Luzio aponta que a medida pode dar um certo alívio, mas não é algo consistente. "É uma forma de dar algum gás para a economia, mas não é uma panaceia. Setores como a construção civil pode se beneficiar, e ter condições para dinamizar a economia e aumentar a empregabilidade, mas ainda existe uma oferta excedente que reduz a retomada em ritmo mais acelerado", afirma.
Taxa de Juros
A SELIC, taxa básica de juros está em 6,5% e vem sofrendo cortes pelo Banco Central (BC) desde outubro de 2016, quando estava no patamar de 14,25% no intuito de incentivar o consumo e diminuir inflação. Luzio considera a diminuição da taxa uma vitória do governo. "A redução das taxas de juros, foi sem dúvida, uma importante conquista do governo. A questão que se coloca é se esta é sustentável diante de um possível aumento da inflação fruto da reativação do consumo".

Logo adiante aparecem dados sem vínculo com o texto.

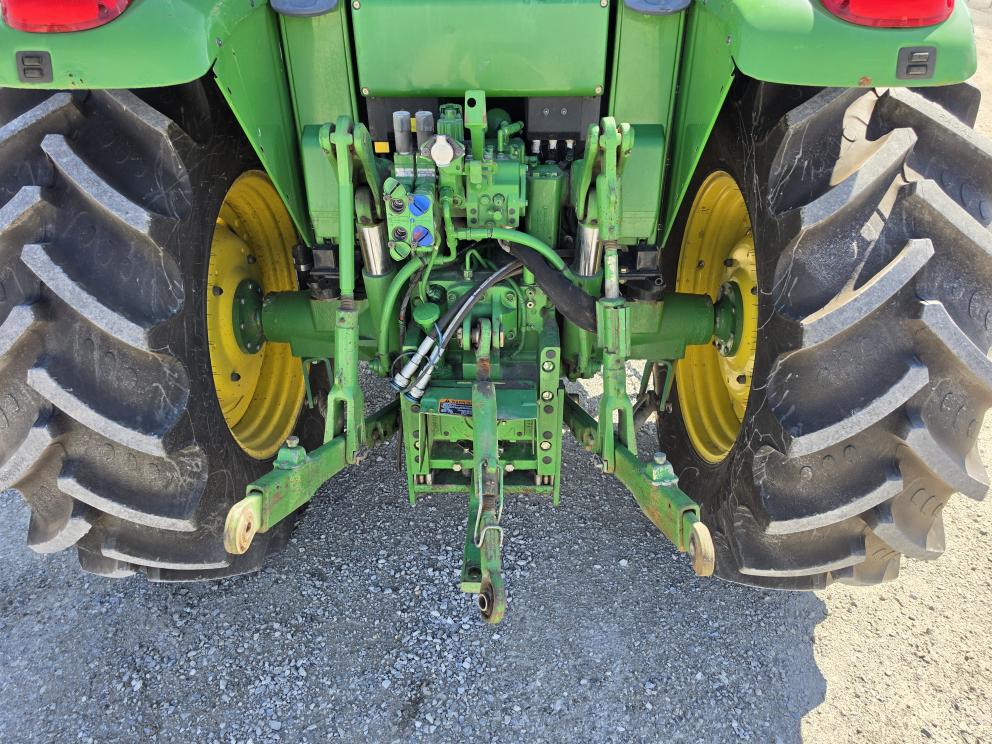 Image for 2009 John Deere 6330 Premium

Caldarelli afirma que o impacto é pouco no bolso do consumidor "a redução não atinge os agentes (econômicos) de forma mais ampla e isso se deve ao elevado grau de concentração do sistema bancário brasileiro. Para ilustrar, apenas quatro bancos concentram quase 80% do mercado e nesse contexto não é difícil compreender o porquê a redução ainda não pôde ser sentida. Em relação às empresas, somente taxa de juros não é capaz de motivar o investimento. Acredito que uma retomada do crescimento mais consistente se dará em 2019 após a posse do novo mandatário", defende.
Gastos Sociais
Em relação aos gastos sociais, Luzio enxerga que a redução pode ser problemática. "Cortes em áreas sociais diante de um aumento dos índices de desemprego e de pobreza, provoca uma verdadeira tragédia, afinal, estamos tratando pessoas e não de simples índices. Mexer em gastos sociais num país como o nosso, é virar as costas para a realidade numa patológica perda de empatia e de sensibilidade diante da dor do outro", ressalta.
Legado
O legado de Temer, segundo Caldarelli, é no sentido de trazer à tona temas relevantes, entretanto, ele ressalta que no aspecto econômico, o impacto é pequeno. "Em termos de "legado" do governo Temer, esses serão nulos ou quase nulos, visto que o ambiente conturbado e os questionamentos acerca da legitimidade do governo paralisam as ações propostas ou mesmo as postergam. Em relação ao ambiente de crise que vivenciamos, o governo tomou algumas medidas que contribuíram para estancar a queda do produto", afirma o professor.
Já Luzio, vê aspectos positivos em algumas mudanças. "O controle da inflação que vinha se elevando perigosamente e a diminuição das taxas de juros, serão seus principais legados positivos, ainda que tenhamos um recorte de tempo muito curto para avaliar a consistência e sustentabilidade dessas ações. Por outro lado, o governo Temer fez emergir as forças mais retrógradas da nação, aquilo que parecia ter se superado em prol de um país mais justo, democrático e participativo, regrediu com força e sem constrangimento, sendo negociadas a céu aberto pautas inimagináveis. Mas não se pode esquecer que o governo anterior, apesar dos avanços sociais inegáveis, cometeu atrocidades que contribuíram decisivamente para o atual estado de coisas, numa perversa ideia de que os fins justificam os meios, defende o professor.